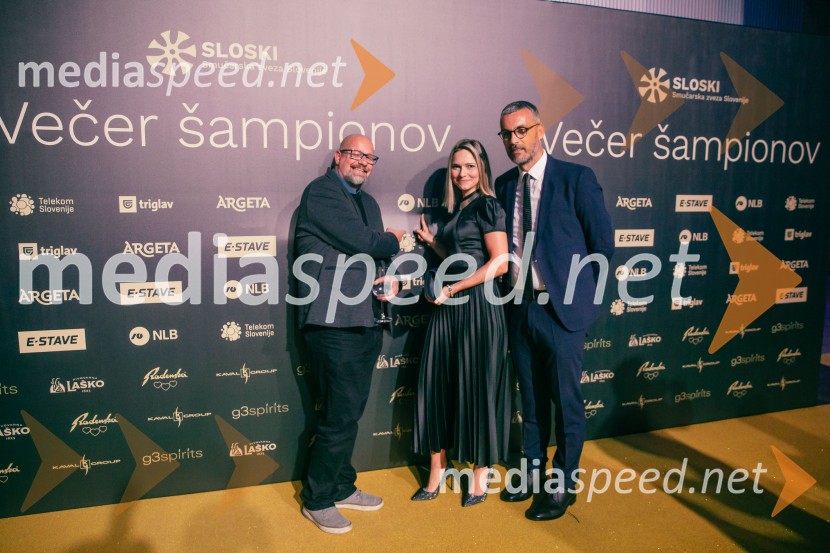 Večer šampionov 2025, Smučarska zveza Slovenije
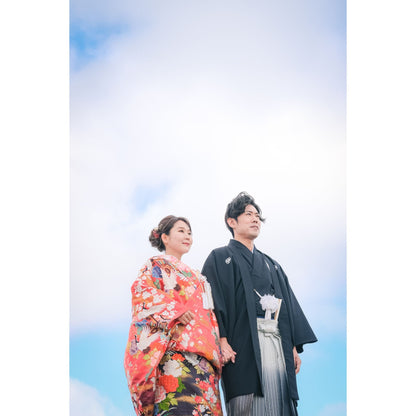 和装ロケーションプラン 【結婚式 写真 フォトウェディング】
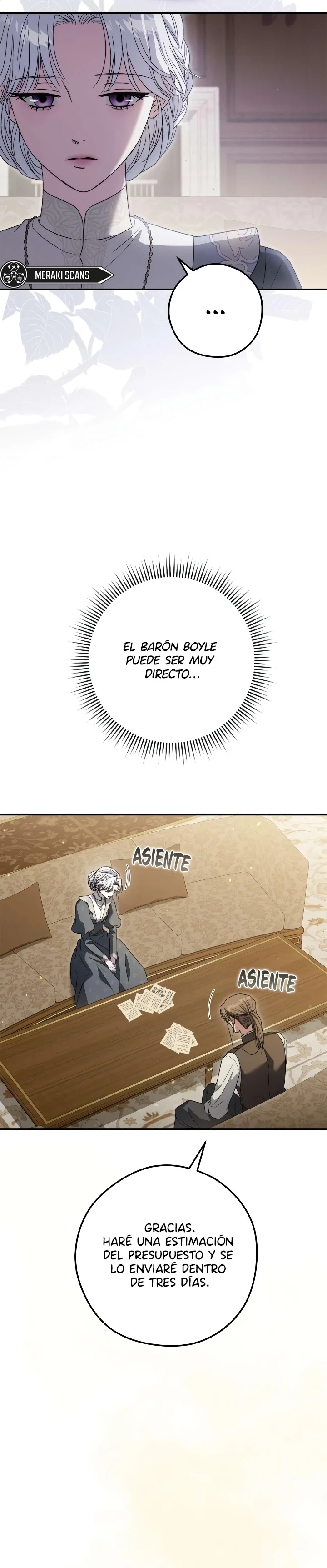 La duquesa solo vive para este día Capitulo 22 página 9
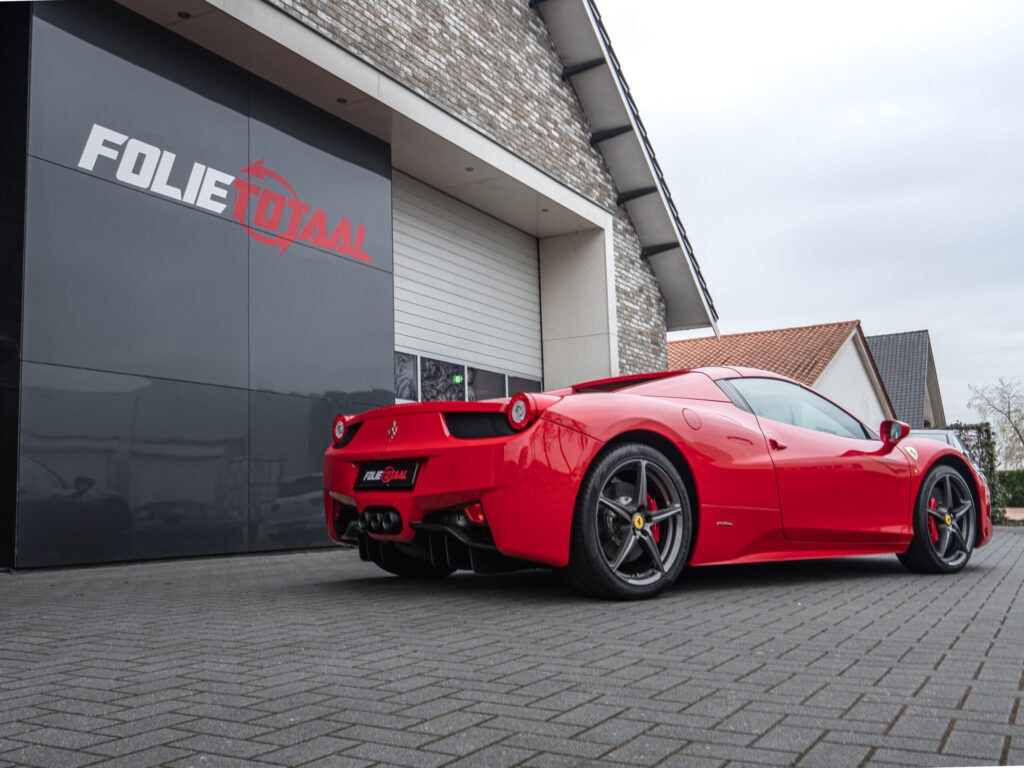 Ferrari 458 Full front PPF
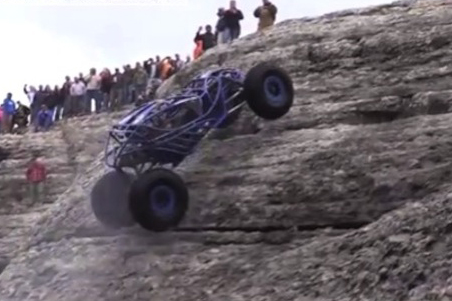 VIDEO: Bobby Tanner And His Rock Bouncer Try "Viagra" Hill Climb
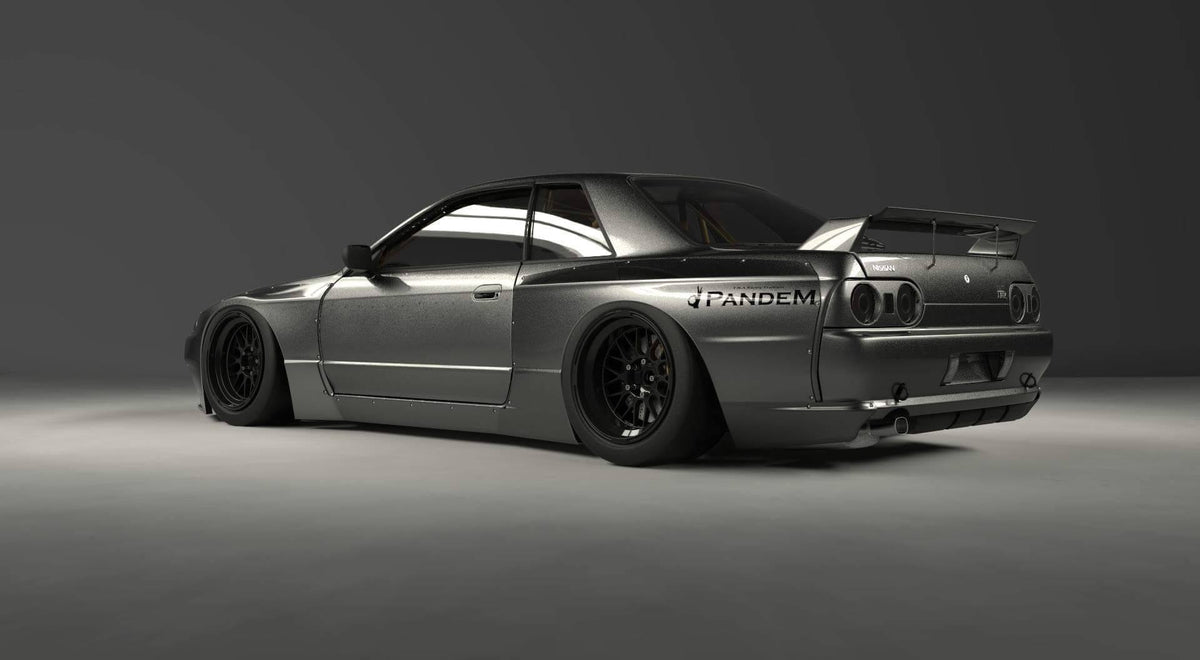 Nissan Skyline GT-R R32 Widebody 2カラーセット lb-kaido-works-nissan-r32-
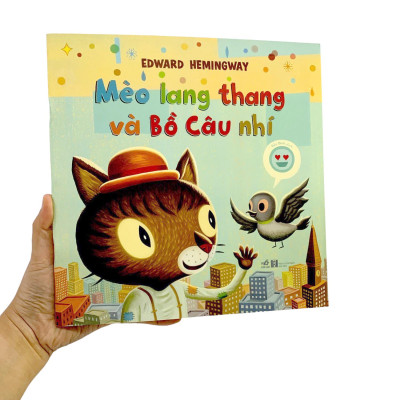 Mèo Lang Thang Và Bồ Câu Nhí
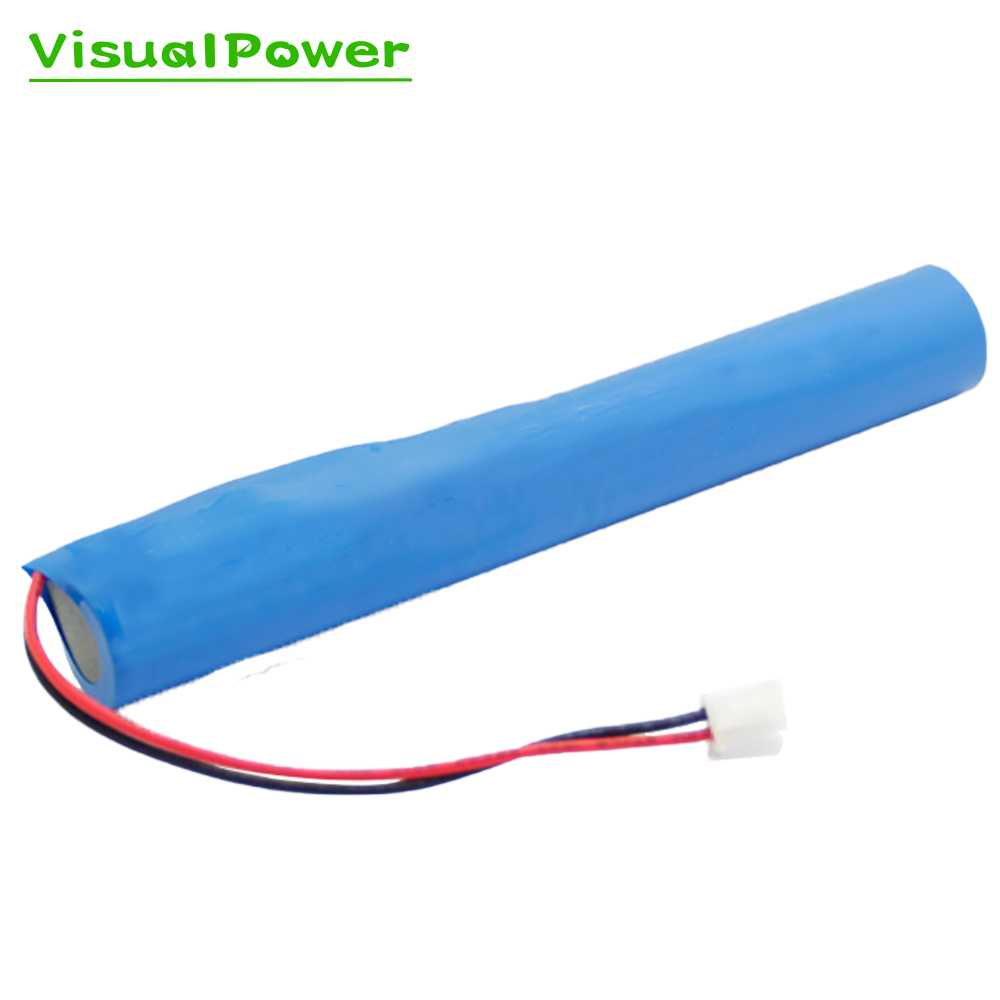 Bateria recarregável da bateria Li Ion 18650 7.4v 2000mAh para a luz do toque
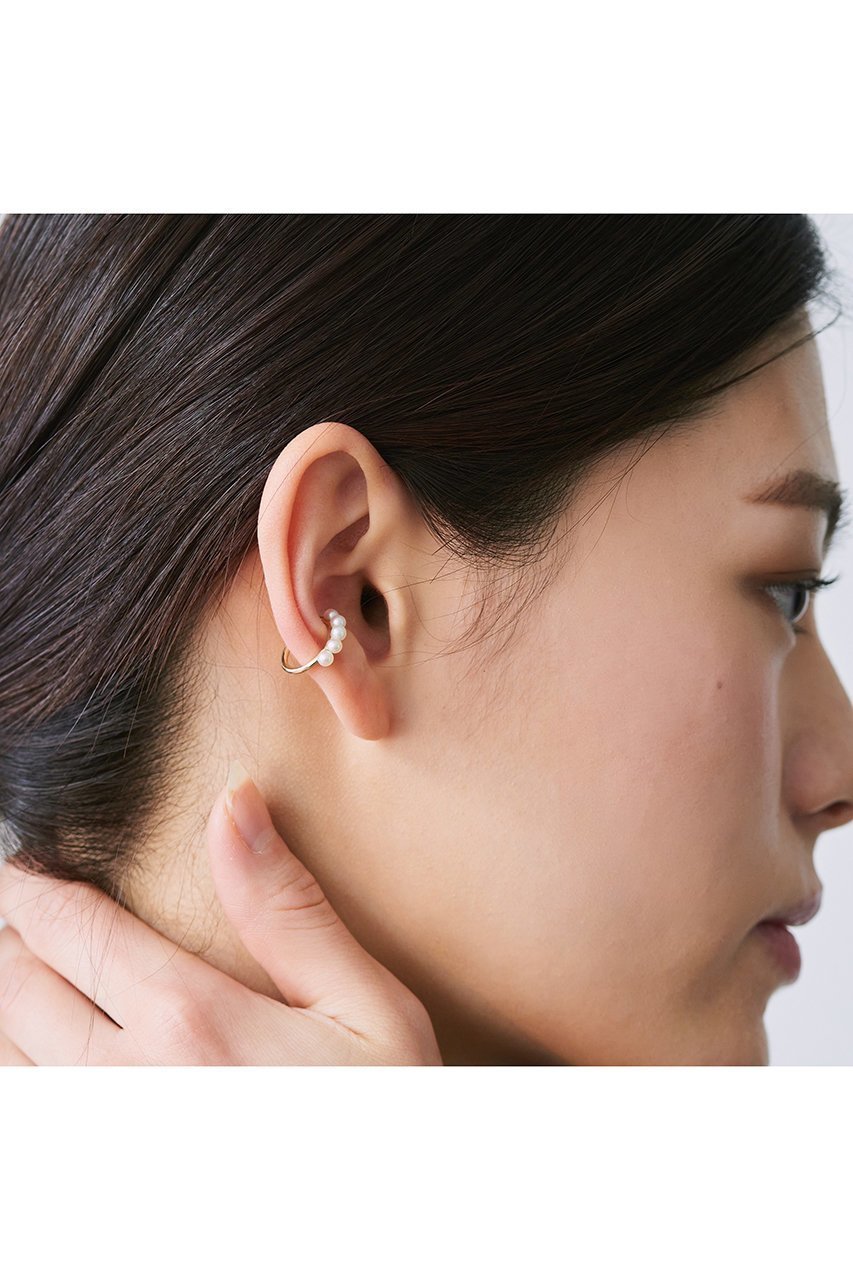 【ルボンボン/les bonbon】のlily of the valley イヤーカフ(片耳用) 人気、トレンドファッション・服の通販 founy(ファニー) 　ファッション　Fashion　レディースファッション　Fashion for Women　ジュエリー　Jewelry　ファッションリング　Fashion Rings　イヤリング・フープ・ドロップタイプ　Hoop, Drop & Clip Earrings　イヤリング　Earrings　イヤーカフ　Ear Cuffs　オケージョン　Occasion Wear　パール　Pearl, Pearl Accent　片耳　One-Ear, Single Earring　other-5|ID: prp329100002940657 ipo3291000000035553438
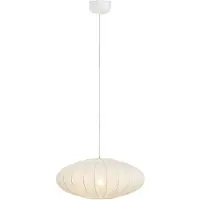 Markslöjd Solia Taklampa Vit Oval 50 cm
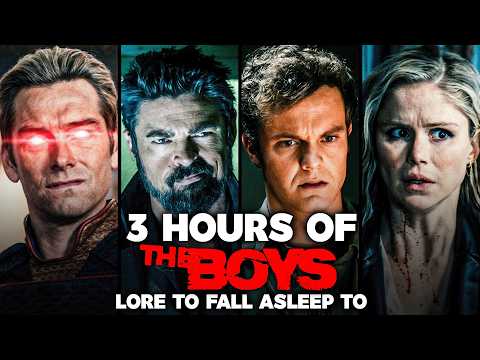 3 Hours Of The Boys Lore To Fall Asleep To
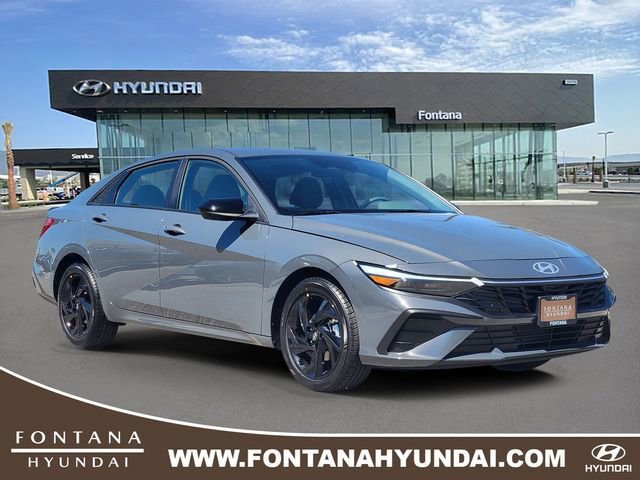 New 2026 Hyundai Elantra Sport image 1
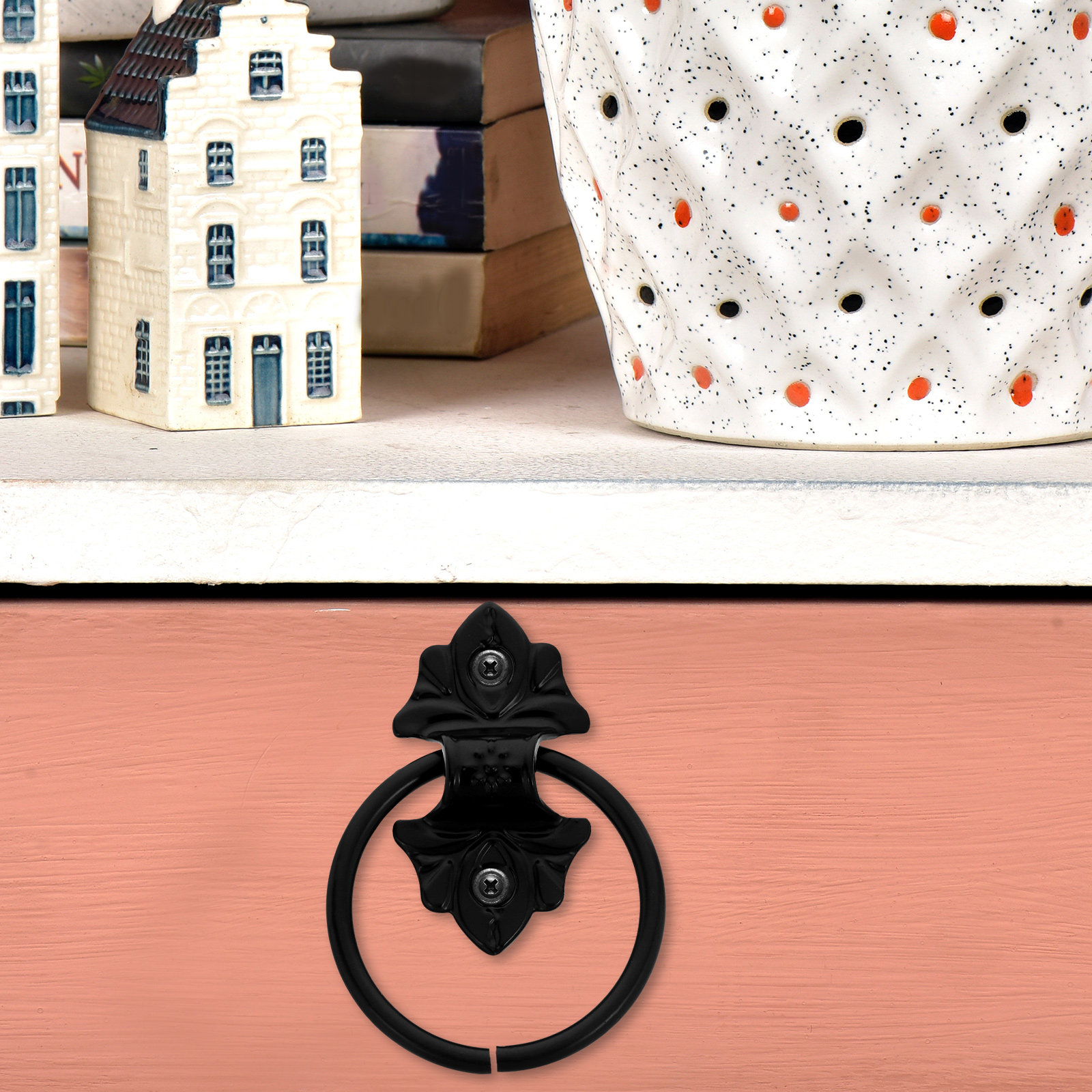 2 szt. Okrągłe uchwyty do szuf – Furniture Hardware Drop Pulls recenzja i cena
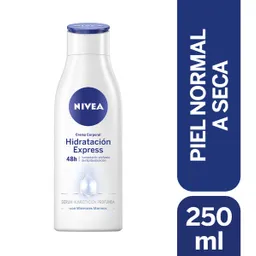 Nivea Crema Corporal Hidratación Express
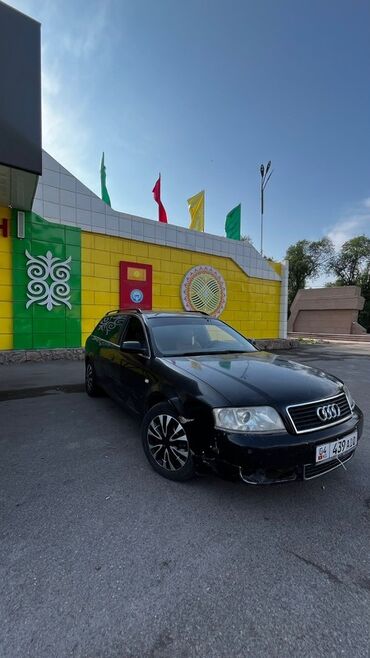 ауди а6 с4 1: Audi A6: 2001 г., 2.4 л, Механика, Бензин, Универсал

• • •

◆ Task statement ◆
Lines from the one that contains "Markslöjd Solia Taklampa Vit Oval 50 cm" through the last line of the data above are to be extracted exactly, with no pictures and no other lines.

◆ Answer section ◆
 Markslöjd Solia Taklampa Vit Oval 50 cm
 3 Hours Of The Boys Lore To Fall Asleep To
 New 2026 Hyundai Elantra Sport image 1
 2 szt. Okrągłe uchwyty do szuf – Furniture Hardware Drop Pulls recenzja i cena
 Nivea Crema Corporal Hidratación Express
 ауди а6 с4 1: Audi A6: 2001 г., 2.4 л, Механика, Бензин, Универсал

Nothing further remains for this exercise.